▶ **Action item**
Begin at the line with "陜煤建設(shè)天工公司開" and write out every line after it, exactly, through the last line below, adding nothing.

== Material supplied

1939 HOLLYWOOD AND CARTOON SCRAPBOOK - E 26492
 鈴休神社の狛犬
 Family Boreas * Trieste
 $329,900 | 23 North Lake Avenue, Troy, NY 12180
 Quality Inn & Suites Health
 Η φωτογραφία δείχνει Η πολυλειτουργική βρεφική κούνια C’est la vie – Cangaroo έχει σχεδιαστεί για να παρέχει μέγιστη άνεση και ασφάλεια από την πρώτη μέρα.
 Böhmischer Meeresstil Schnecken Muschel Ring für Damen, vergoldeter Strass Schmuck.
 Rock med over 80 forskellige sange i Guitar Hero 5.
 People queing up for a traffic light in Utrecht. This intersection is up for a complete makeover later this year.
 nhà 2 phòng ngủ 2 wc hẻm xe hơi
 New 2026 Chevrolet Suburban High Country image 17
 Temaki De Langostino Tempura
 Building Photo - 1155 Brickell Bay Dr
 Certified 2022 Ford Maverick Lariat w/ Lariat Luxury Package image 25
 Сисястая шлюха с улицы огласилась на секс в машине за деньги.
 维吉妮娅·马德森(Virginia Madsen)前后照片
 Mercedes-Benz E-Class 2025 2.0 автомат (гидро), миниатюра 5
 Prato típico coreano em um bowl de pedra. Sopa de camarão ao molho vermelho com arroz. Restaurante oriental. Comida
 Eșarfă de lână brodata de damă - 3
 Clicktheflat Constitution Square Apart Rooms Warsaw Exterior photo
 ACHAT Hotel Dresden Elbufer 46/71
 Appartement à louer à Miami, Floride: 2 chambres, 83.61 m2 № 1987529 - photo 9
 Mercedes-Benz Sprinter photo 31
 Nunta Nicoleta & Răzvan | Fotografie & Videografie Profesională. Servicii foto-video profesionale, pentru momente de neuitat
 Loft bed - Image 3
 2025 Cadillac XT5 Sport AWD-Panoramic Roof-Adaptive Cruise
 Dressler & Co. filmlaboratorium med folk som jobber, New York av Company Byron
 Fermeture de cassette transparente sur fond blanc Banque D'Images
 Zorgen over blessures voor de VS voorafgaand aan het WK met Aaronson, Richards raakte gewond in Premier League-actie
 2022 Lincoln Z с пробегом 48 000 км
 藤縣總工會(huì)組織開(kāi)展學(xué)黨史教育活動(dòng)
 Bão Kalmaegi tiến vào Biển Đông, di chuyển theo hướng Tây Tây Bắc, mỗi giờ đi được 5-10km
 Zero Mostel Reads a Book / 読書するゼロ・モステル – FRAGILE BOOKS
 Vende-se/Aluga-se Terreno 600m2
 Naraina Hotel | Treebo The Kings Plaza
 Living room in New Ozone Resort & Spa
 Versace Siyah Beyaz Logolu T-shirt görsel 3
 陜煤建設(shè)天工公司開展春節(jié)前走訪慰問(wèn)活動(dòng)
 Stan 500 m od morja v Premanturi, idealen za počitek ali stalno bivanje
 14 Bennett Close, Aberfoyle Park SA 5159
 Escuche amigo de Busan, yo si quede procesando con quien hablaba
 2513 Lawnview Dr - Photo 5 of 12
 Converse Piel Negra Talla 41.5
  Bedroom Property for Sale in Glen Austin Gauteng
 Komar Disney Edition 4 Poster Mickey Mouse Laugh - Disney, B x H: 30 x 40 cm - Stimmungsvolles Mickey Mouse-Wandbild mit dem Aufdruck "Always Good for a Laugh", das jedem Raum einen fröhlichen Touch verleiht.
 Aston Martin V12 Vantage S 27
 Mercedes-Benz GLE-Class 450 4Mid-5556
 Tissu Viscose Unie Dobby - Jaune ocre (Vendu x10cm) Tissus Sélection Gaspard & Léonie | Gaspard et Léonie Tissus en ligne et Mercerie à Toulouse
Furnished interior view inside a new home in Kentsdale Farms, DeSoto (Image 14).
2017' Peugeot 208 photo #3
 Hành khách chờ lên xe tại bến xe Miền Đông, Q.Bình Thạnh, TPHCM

====

▶ **Result of this task**
 陜煤建設(shè)天工公司開展春節(jié)前走訪慰問(wèn)活動(dòng)
 Stan 500 m od morja v Premanturi, idealen za počitek ali stalno bivanje
 14 Bennett Close, Aberfoyle Park SA 5159
 Escuche amigo de Busan, yo si quede procesando con quien hablaba
 2513 Lawnview Dr - Photo 5 of 12
 Converse Piel Negra Talla 41.5
  Bedroom Property for Sale in Glen Austin Gauteng
 Komar Disney Edition 4 Poster Mickey Mouse Laugh - Disney, B x H: 30 x 40 cm - Stimmungsvolles Mickey Mouse-Wandbild mit dem Aufdruck "Always Good for a Laugh", das jedem Raum einen fröhlichen Touch verleiht.
 Aston Martin V12 Vantage S 27
 Mercedes-Benz GLE-Class 450 4Mid-5556
 Tissu Viscose Unie Dobby - Jaune ocre (Vendu x10cm) Tissus Sélection Gaspard & Léonie | Gaspard et Léonie Tissus en ligne et Mercerie à Toulouse
Furnished interior view inside a new home in Kentsdale Farms, DeSoto (Image 14).
2017' Peugeot 208 photo #3
 Hành khách chờ lên xe tại bến xe Miền Đông, Q.Bình Thạnh, TPHCM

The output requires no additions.